Our Town

May 16, 2009 00:30

Our Town. Thornton Wilder's sentimental, multi-charactered mainstay of highschool drama clubs and amateur theatricals. Love, death, the turning of the seasons, and not a dry eye in the house. Stereotypes all around: the gruff but kindly Doctor, the crusty Editor of the town newspaper, their interchangeable and wistful Wives, the Town Drunk, the Young Lovers, and a Stage Manager with a bay window, a turnip watch, and a twinkle in his eye. Is there anyone in the world who hasn't seen it at least once?

Well, I thought I hadn't, until very near the end, when I flashed on a production mounted by the Upper School Drama Club that I saw when I was maybe 10, with the ingenue in her wedding dress reliving her 12th birthday after her death in childbed. I'd heard David Cromer's production was different from any other production of the play, ever. And I'd have to say that's a fair description. It was also beautifully acted, incredibly thoughtful and moving. And not sentimental in the least.
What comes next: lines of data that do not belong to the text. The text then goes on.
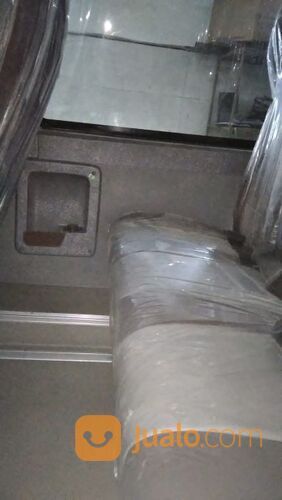 Hino Mikro Bus Dutro 115 SDBL Prime CAB L muat banyak hingga 21 sheet
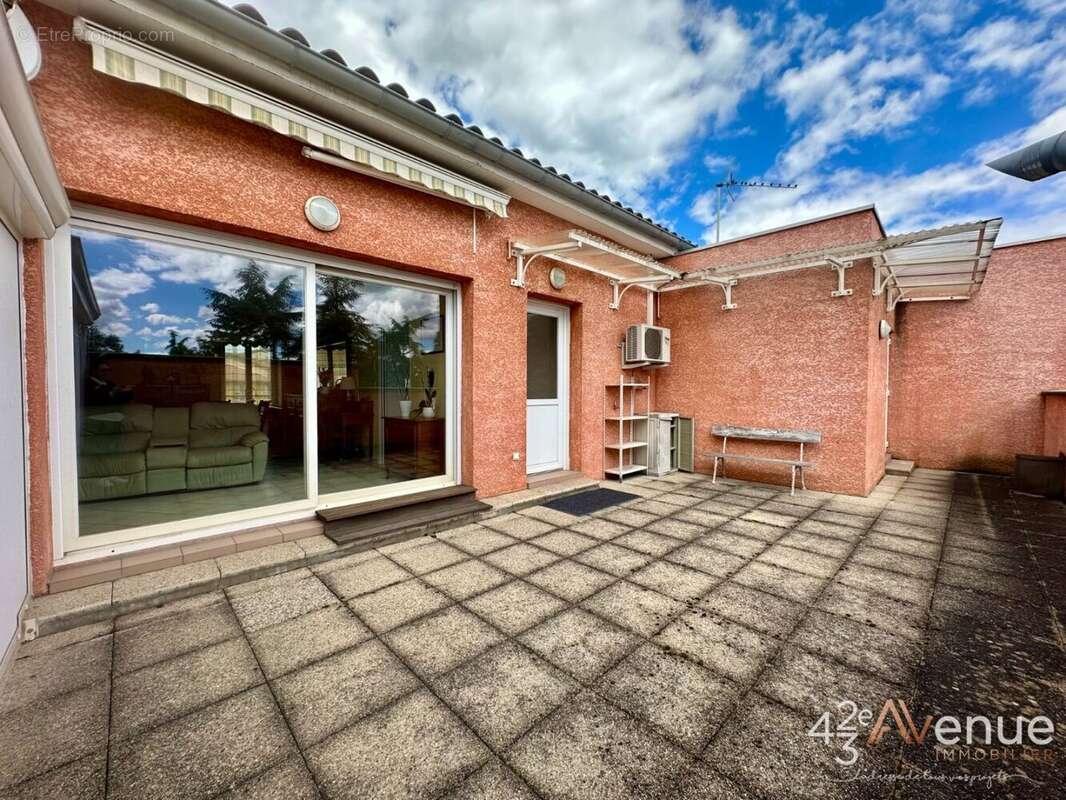Appartement à ANDREZIEUX-BOUTHEON
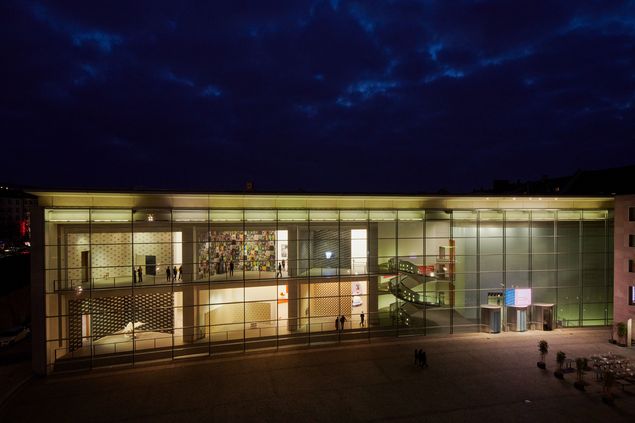 Die Ausstellung mit Tapeten der Sammlung Goetz in den Fassadenräumen des Neuen Museum Nürnberg bei Nacht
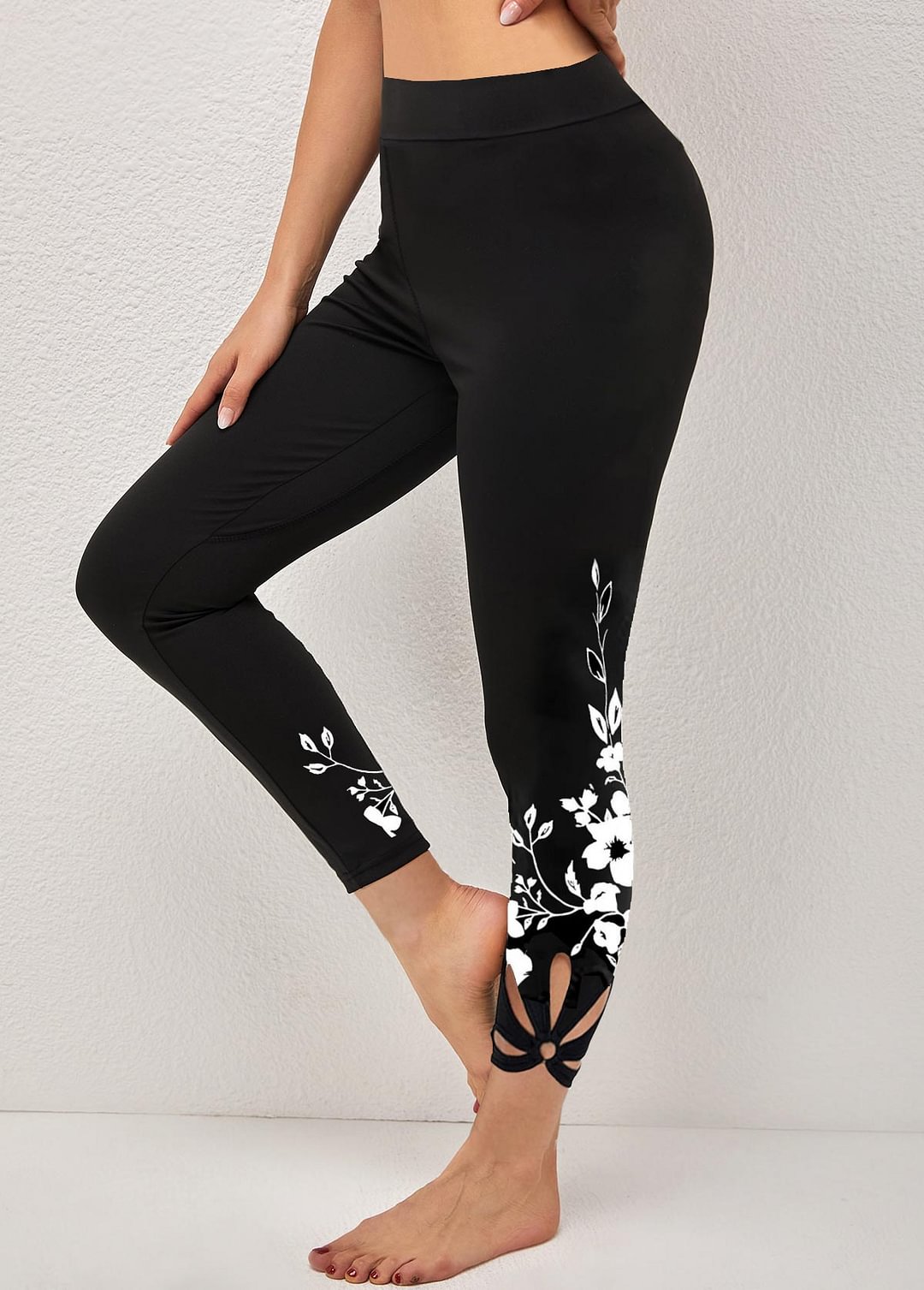 Floral Print Hollow Out Slim And Skinny Nine-quarter Leggings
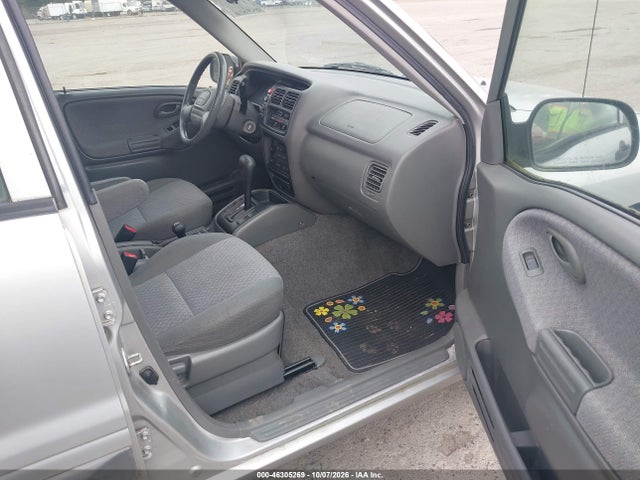Aukcja sprzedaży 2002 Chevrolet Tracker Hard Top Base, vin: 2CNBJ13C526918706, numer aukcji: 46305269
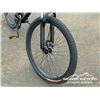 Image 10 : 26 IN. DEVIANT MOUNTAIN BIKE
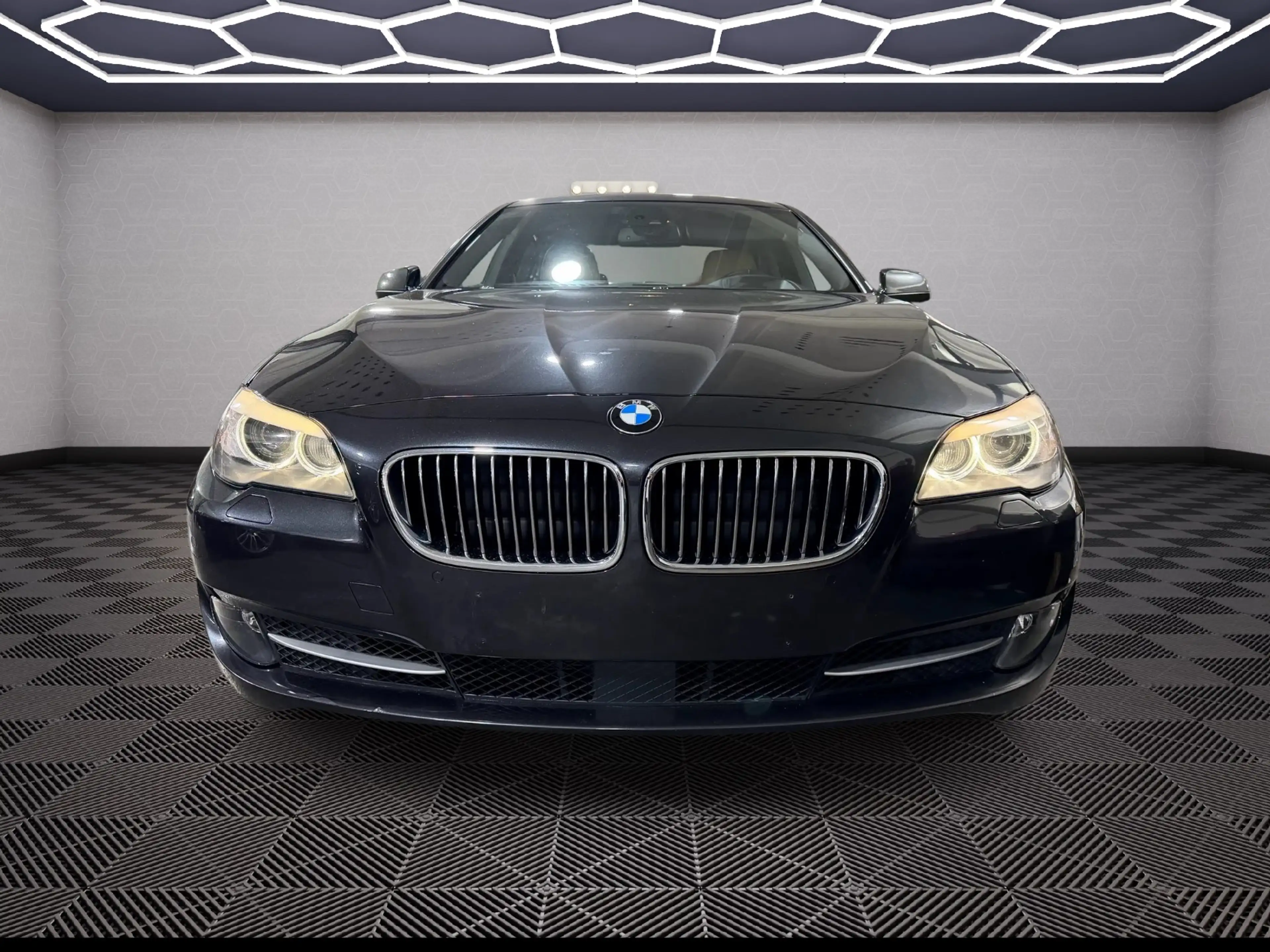 BMW 525 525dAS 3.0d 6 cylindres — photo 2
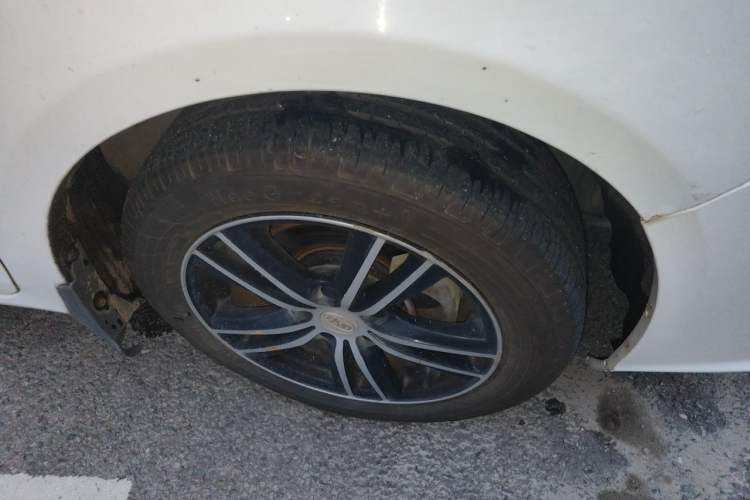 Used BYD Surui 2015 1.5L Automatic Luxury Model Right Front Wheel Hub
A little of this was owing to the costuming, which was pretty much jeans and cotton shirts and blouses. The modern dress worked fine, although it bothered the three of us (Ellen and I went with her mother) that none of the women wore skirts, not even to Emily and George's wedding, but we're like that. But most of it was due to David Cromer's re-structuring of the play and to Scott Parkinson, who played the Stage Manager dry and wry and brisk to the point of impatience. There were speeches where I was dimly aware that he was working so hard against the material that he was close to being annoying, but he never quite got there. When he played the minister who married Emily and George, he was electrifying.

And there's a scene near the end, which I won't describe because that would be telling, that just raised the hair at the back of my neck.

We laughed. We cried. And the play itself is going on the ever-lengthening list of Things I Will Read as soon as the WFA death-march is over--along with Iain Pears's new book, Stone's Fall, which I saw yesterday in the window of McNally Jackson.